Records supplied below:

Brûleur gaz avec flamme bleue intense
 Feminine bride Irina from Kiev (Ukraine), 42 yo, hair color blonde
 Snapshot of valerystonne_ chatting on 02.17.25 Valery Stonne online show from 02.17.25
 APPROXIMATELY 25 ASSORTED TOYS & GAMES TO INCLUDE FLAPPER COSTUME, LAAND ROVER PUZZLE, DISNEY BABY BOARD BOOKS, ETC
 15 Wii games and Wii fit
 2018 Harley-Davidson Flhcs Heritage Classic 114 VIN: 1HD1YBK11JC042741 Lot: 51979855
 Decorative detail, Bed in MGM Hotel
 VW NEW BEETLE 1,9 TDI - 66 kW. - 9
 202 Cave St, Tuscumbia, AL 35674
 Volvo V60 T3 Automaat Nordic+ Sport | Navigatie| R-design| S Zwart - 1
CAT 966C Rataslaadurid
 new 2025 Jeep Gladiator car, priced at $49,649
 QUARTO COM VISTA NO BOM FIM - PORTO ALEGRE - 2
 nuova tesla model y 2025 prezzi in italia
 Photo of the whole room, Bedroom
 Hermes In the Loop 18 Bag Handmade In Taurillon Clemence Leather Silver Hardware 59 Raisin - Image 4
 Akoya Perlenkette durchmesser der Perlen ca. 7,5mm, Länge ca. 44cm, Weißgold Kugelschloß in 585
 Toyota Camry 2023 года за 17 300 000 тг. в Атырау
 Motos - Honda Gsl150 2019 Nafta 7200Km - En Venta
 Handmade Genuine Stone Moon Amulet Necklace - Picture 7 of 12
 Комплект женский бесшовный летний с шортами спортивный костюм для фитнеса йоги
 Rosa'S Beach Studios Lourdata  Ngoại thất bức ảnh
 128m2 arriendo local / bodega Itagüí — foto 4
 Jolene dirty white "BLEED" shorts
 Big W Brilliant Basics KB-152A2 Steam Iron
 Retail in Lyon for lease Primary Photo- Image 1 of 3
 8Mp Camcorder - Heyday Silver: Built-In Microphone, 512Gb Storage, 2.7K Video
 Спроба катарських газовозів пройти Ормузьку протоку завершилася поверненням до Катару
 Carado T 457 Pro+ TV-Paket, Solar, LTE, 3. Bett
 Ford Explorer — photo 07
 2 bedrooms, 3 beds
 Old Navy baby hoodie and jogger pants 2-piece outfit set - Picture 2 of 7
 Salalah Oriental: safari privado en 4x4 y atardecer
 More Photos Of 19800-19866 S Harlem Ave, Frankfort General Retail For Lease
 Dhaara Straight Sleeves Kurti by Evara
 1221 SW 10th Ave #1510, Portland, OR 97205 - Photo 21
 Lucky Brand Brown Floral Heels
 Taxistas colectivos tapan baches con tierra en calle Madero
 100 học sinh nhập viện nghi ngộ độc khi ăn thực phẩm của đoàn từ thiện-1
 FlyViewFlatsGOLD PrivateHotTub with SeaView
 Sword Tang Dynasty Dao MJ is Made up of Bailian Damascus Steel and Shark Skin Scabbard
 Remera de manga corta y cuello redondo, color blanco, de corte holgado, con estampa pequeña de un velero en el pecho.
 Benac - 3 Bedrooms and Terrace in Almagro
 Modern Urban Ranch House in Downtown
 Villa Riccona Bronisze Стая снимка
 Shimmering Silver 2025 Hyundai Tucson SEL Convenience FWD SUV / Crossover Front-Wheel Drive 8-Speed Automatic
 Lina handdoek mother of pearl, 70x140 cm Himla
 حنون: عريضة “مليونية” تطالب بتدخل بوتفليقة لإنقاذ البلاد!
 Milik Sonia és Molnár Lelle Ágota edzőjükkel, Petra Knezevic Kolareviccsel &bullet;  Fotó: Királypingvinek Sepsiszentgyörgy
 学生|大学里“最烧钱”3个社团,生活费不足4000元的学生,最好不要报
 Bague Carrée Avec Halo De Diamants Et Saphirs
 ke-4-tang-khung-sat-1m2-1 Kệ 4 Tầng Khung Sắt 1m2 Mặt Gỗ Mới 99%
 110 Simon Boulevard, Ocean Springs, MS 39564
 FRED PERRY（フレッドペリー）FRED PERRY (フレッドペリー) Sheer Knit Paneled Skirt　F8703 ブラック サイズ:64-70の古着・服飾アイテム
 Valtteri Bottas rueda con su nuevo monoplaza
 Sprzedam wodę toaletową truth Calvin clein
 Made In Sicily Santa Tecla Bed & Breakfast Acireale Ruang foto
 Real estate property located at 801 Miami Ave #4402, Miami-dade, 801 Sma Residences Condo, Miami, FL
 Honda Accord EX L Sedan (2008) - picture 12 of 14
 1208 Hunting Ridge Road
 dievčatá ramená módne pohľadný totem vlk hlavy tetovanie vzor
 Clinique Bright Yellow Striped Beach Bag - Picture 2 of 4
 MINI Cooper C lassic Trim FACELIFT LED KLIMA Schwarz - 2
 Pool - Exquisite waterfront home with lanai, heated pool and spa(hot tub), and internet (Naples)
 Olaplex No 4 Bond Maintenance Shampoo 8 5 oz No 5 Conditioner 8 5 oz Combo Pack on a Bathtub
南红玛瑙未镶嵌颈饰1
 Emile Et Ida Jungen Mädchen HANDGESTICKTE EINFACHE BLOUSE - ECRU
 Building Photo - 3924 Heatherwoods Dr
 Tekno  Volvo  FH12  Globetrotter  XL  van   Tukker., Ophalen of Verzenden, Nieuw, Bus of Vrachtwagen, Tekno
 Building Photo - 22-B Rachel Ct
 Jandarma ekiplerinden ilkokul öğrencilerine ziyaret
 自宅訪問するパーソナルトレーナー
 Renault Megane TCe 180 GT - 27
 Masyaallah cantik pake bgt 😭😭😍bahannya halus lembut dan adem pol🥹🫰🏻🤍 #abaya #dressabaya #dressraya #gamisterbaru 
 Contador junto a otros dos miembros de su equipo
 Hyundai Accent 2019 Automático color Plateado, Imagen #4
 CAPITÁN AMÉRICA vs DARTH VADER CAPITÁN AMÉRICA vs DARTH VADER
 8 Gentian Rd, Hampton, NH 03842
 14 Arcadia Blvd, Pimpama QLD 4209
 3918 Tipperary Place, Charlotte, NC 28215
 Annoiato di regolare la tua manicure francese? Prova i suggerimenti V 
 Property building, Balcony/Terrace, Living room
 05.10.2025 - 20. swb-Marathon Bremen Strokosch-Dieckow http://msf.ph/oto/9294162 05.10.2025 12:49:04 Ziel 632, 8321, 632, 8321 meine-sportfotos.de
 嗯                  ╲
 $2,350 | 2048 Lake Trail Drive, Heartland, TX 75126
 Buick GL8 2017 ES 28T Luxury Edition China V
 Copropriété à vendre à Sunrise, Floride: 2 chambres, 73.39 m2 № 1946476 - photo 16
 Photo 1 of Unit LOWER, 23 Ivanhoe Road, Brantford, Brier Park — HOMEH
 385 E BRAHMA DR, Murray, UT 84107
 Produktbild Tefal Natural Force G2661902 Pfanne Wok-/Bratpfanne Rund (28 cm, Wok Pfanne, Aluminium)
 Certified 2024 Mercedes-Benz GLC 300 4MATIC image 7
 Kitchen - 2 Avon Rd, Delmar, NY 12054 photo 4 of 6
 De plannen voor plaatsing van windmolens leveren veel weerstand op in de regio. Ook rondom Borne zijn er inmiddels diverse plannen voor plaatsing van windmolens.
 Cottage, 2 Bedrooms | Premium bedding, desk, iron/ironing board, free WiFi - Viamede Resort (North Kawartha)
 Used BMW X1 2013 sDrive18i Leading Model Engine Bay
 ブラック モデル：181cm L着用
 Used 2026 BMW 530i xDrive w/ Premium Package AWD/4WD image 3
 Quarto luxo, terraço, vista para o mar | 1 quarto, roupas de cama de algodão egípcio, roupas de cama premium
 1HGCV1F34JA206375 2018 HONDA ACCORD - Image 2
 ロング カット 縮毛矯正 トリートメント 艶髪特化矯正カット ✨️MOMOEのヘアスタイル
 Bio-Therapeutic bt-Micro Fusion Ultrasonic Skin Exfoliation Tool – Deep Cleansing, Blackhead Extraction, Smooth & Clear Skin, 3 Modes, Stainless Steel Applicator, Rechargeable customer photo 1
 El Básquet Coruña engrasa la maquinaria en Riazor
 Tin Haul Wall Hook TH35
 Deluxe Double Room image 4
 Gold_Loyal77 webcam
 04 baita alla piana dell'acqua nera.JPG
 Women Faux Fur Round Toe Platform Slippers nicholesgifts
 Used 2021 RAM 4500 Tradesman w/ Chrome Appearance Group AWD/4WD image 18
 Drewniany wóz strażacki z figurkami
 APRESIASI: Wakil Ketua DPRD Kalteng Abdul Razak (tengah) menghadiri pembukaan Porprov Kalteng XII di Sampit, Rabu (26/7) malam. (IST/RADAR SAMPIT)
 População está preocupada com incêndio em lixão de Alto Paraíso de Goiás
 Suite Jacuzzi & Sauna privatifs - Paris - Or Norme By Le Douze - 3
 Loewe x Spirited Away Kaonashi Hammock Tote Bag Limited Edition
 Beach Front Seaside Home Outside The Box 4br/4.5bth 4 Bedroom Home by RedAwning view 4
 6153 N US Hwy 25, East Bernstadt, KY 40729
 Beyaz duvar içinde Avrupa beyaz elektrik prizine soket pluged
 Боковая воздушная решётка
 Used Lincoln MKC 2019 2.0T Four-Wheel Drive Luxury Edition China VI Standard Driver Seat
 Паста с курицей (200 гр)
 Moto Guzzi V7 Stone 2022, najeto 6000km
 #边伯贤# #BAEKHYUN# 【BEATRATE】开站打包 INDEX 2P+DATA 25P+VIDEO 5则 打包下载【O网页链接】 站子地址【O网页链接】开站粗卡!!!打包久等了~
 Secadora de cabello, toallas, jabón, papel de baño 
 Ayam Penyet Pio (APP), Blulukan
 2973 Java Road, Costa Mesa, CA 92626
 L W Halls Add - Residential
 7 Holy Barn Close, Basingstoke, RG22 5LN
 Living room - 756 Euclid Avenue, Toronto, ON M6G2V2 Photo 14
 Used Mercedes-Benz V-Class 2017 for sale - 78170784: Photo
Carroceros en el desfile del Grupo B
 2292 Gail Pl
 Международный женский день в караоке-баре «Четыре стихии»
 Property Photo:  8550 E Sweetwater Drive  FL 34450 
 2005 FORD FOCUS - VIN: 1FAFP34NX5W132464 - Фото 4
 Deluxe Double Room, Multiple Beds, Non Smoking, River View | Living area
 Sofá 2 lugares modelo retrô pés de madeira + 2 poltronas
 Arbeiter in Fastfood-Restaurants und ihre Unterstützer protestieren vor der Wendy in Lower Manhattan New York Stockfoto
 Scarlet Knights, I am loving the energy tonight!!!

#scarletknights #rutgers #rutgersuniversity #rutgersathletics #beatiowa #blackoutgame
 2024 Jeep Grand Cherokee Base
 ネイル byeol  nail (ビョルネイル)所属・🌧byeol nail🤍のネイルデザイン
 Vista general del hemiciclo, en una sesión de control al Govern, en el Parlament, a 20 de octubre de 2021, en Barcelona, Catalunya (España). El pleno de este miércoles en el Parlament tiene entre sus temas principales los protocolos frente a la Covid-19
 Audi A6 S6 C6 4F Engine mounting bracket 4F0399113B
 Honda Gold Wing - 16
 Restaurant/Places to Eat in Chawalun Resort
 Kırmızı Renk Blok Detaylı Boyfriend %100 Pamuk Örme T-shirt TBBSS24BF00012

End of Records supplied.

▸ **Assignment**
Tally the lines in the records above that hold the word "Volvo", and give only that number.

▸ **The answer**
2